志望動機・活かせる経験・転職活動の状況・入社可能時期・希望条件・逆質問の6項目が基本です。5〜8問・3分以内に収め、面接時間を「会って初めて分かること」に使えるよう、履歴書で分かる情報の重複は避けます。本記事のコピペ用基本セットをそのまま流用できます。
Q2. 会社説明会のアンケートテンプレートで何を聞くべき?
満足度に加えて「説明会の前後での志望度の変化」「印象に残った点/分かりにくかった点」「今後の選考希望」「連絡先・希望日程」を聞きます。満足度は終了直後に水増しされやすいため、主役は志望度の変化と次アクション意向に置くのが実務的です。

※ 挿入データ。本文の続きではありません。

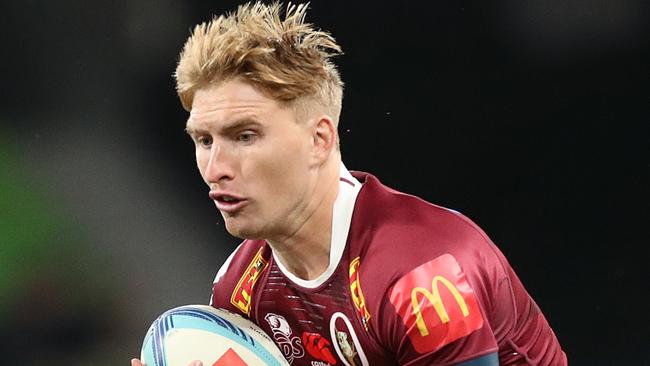 MELBOURNE, AUSTRALIA - MARCH 25: Tate McDermott of the Reds runs with the ball during the round five Super Rugby Pacific match between Melbourne Rebels and Queensland Reds at AAMI Park, on March 25, 2023, in Melbourne, Australia. (Photo by Kelly Defina/Getty Images)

Q3. Asanaの新入社員オンボーディング用テンプレートの代わりになる?
目的次第です。入社後のタスク管理(PC手配・研修日程・書類提出のチェックリスト)はAsana等のタスク管理ツールが最適で、アンケートツールは不向きです。一方、新入社員から「声」(入社前の不安・配属希望・スキル自己申告)を集めるならアンケートツールが適しています。両者は併用するものと考えてください。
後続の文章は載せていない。